= Beginning of Section =
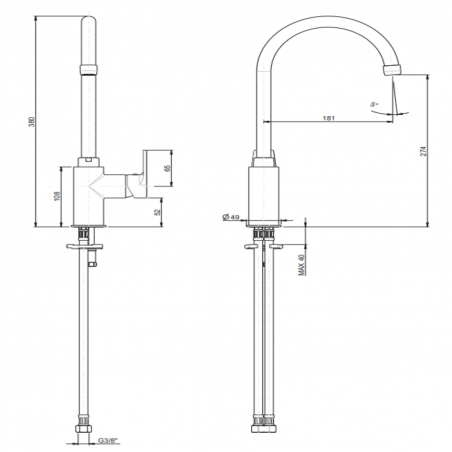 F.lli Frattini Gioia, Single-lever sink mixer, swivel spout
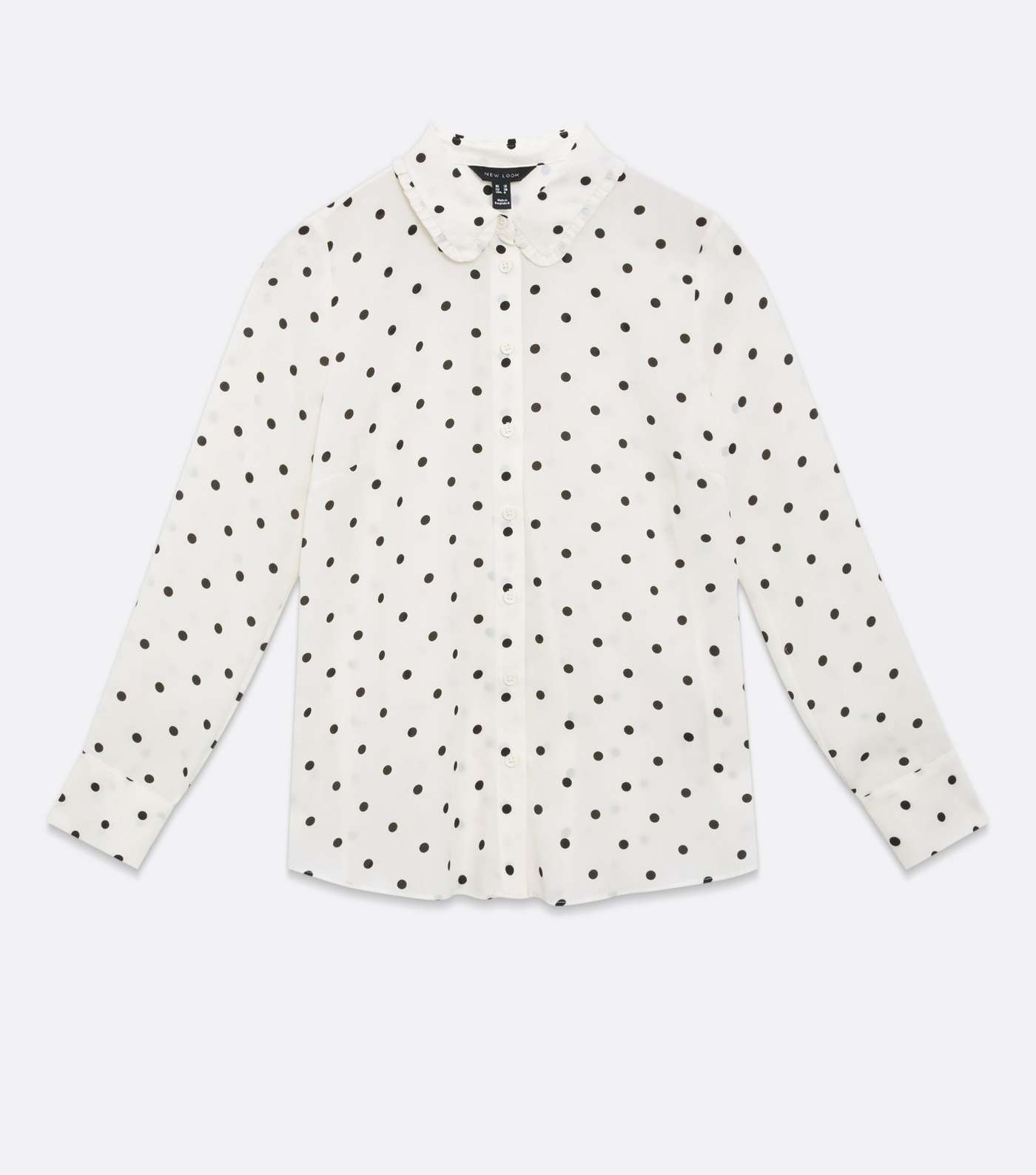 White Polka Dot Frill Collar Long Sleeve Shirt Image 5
= End of Section =
= Beginning of Section =
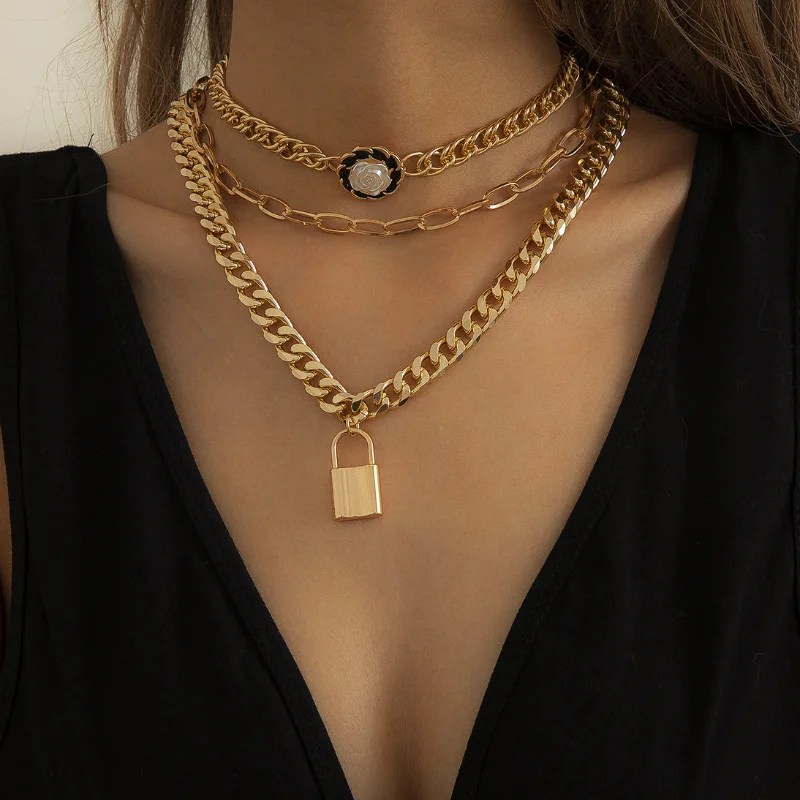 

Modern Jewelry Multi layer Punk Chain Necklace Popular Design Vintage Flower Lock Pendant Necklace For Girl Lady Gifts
= End of Section =
= Beginning of Section =
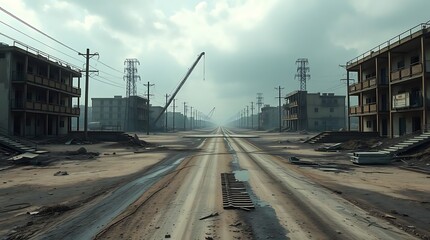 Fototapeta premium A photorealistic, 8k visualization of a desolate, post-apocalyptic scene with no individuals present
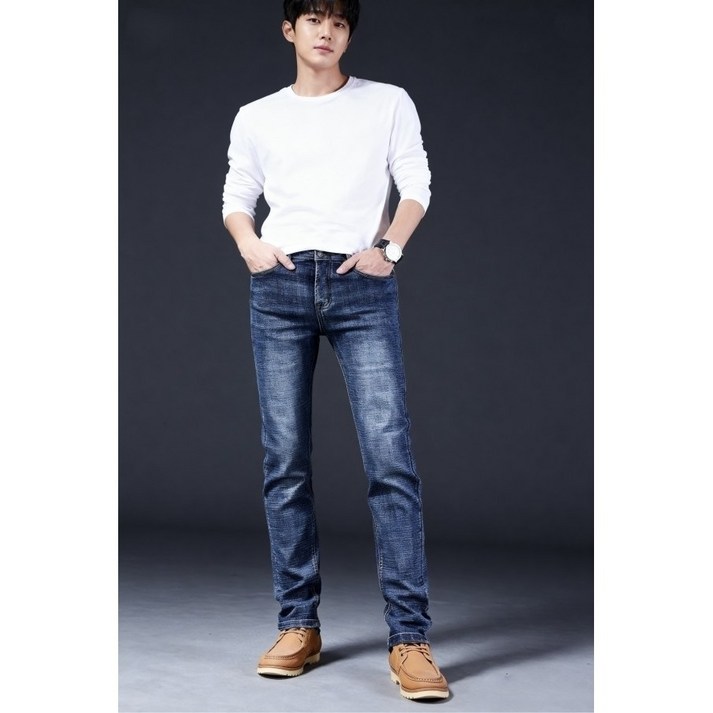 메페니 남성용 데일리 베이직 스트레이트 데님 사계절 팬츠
= End of Section =
*What is being asked*
Transcribe the listing above exactly, but only from the line with "F.lli Frattini Gioia, Single-lever" through the line with "White Polka Dot". Include both of those lines and omit the pictures.

*Problem solution*
 F.lli Frattini Gioia, Single-lever sink mixer, swivel spout
 White Polka Dot Frill Collar Long Sleeve Shirt Image 5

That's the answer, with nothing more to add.